REVEN-Axion 2018v1.5.0
Axion Overview

Axion's GUI provides the user with a view of the execution trace, and various means of extracting information and analysing it.

Navigation - basics

The Instruction View

This central view represents the flow of instructions of the execution trace.

The Trace view

It is divided into sequences in run: you can see above three sequences, each with their identifier, symbol name and offset within that symbol. To know more about Symbol in Reven see the concerning documentation.

The Trace View

This widget presents the sequences as a hierarchy based on calls and returns.

The Call Tree View

You can use this view to filter the instruction view using the Filter button:


By activating it, the instruction view will hide sequences that are hidden in the tree's collapsed branches.


You can store named bookmarks to keep track of interesting places.

Bookmarks widget

You can use the contextual menu of the instruction and trace views or use the appropriate keyboard shortcut to add a bookmark, and then the widget or the shortcuts to navigate through them.
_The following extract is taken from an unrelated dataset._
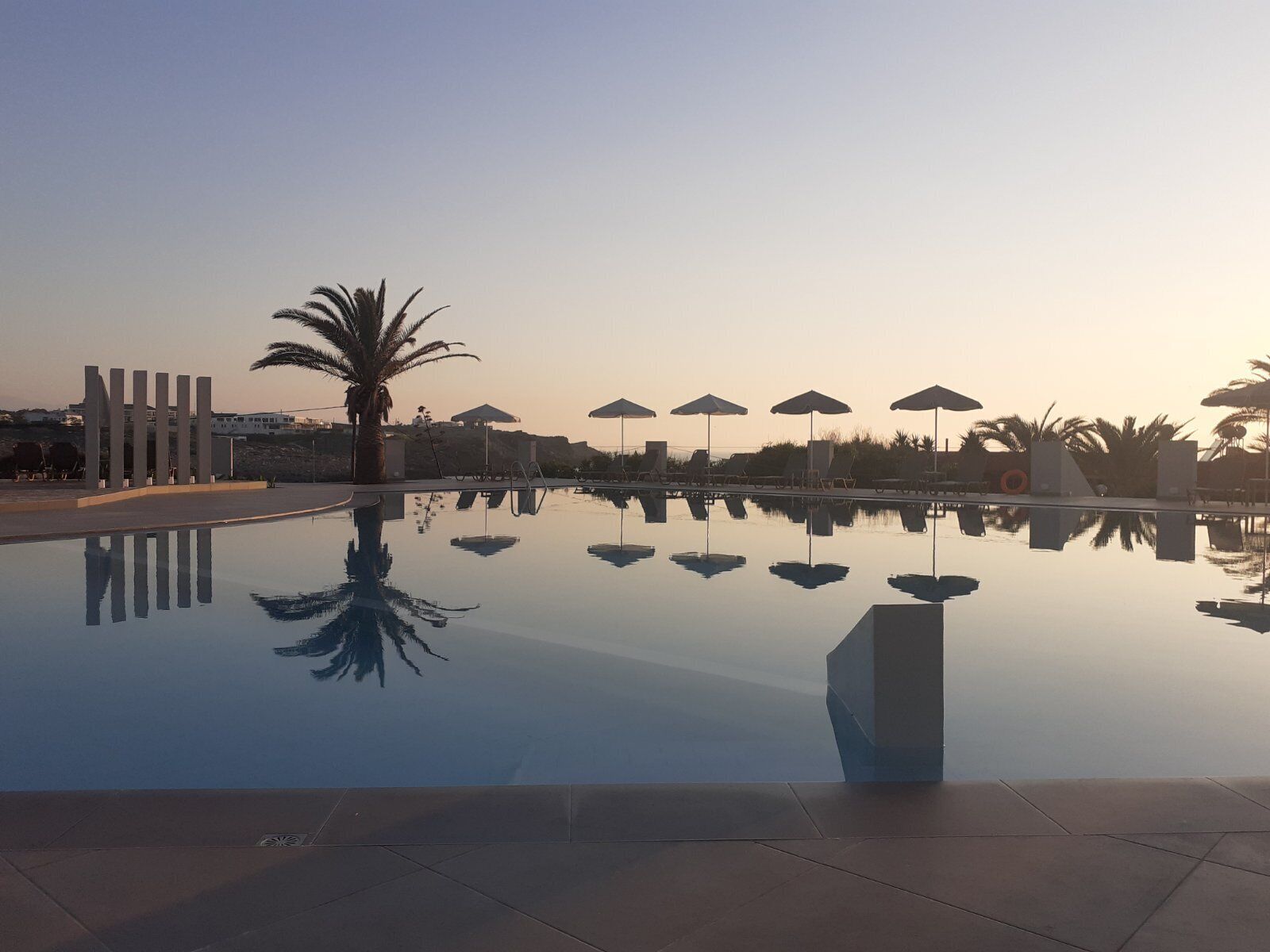 A tranquil pool area with clear reflections, lounge chairs, umbrellas, and palm trees.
Adding a Bookmark from Trace

Navigation - advanced

Previous / Next

You can easily follow accesses (reads, writes, or both) of registers and memory locations. First, you need to select what to follow. You can select an instruction's first or second operand by clicking on an instruction

Selecting an operand

You can also select a register through the cpu widget, or a memory location from the hex dump view, both through their repsective contextual menus.

Once an operand is selected, select Read and or Write and navigate using the Previous and Next buttons:

Going to the next use


The tainter highlights dependencies between memory locations and/or registers. It can work forward (highlight data that is dependent on what you selected) or backward (highlight what your selected operand is dependent on).

The selection process is exactly the same as for the Previous / Next:

Selecting an operand for tainting

Once your operand is selected, click on the Taint button, then on Forward or Backward in the now opened Tainter widget:

Configuring the taint

Now you should see operands being highlighted in the instruction view.

A backward taint

Memory history

The hexdump view can also display the history of accesses of any memory buffer, as long as the memory history inspector has been selected prior to execution:

The Hexdump widget with memory history

Select a byte, word or even whole buffer and check "Show access history". You should see the list of accesses to that buffer, on which a double click would take you directly to that part of the execution trace.


The search widget will search for items in the execution trace. You can search for addresses, binaries, symbols or device accesses.

The search widget

It presents the results in two different ways: A combo-box for quick access and a horizontal bar representing the entire trace.

Note that, should you work on big traces (hundreds of millions of sequences), searching through the entire trace can take quite a long time. You can easily select an execution range to search in by right-clicking and dragging in the horizontal bar:

Reducing search to a particular range

Current symbol graph

You can display a graph of the current symbol and location.

A symbol's graph

What you see are the different paths taken during the execution: it's static view of the symbol.

Contextual information

Part of the information you will see is only relevant to the selected instruction or sequence:


The CPU widget displays the state of CPU registers.

The CPU view

Note the contextual menu in which you can select what group of register you want to see.


The backtrace widget simply displays the current backtrace, as with any debugger.

The Backtrace view


The framebuffer is a view of the machine's screen state

The Framebuffer view

Note that Axion cannot display the framebuffer if you didn't start the binary "dump_process" prior to your binary when you created the scenario.

Aggregated information

There is also information that is not contextual but rather about the entire execution trace:


The string widget summarize every memory buffer that has been accessed during the execution and that looked like a valid string.

Akin to the memory history widget, you can select a string and see its accesses. You can also filter on the strings you want displayed, if you're looking for a particular pattern. Note that this filter can be slow on huge traces.

The String view

It requires the string inspector to be activated prior to execution.


Pretty much self-explanatory, this widgets gives a list of symbols that were encountered during the execution.

The Symbols view

Binary dependency graph

Displays the known binaries and their dependencies

The binary dependencies

Hot points

This hot points list is a central widget where certain inspectors will push data about execution points that require your attention. For exemple you can find about use-after-frees, providing you activated the appropriate inspector.

Various hot points

Technical information

List of inspectors

This widget reminds what inspectors where activated for this trace.


Information log

This is where Axion will display warnings, errors, or important messages. It's a good idea to give it a look after an execution is complete, to make sure everything is okay.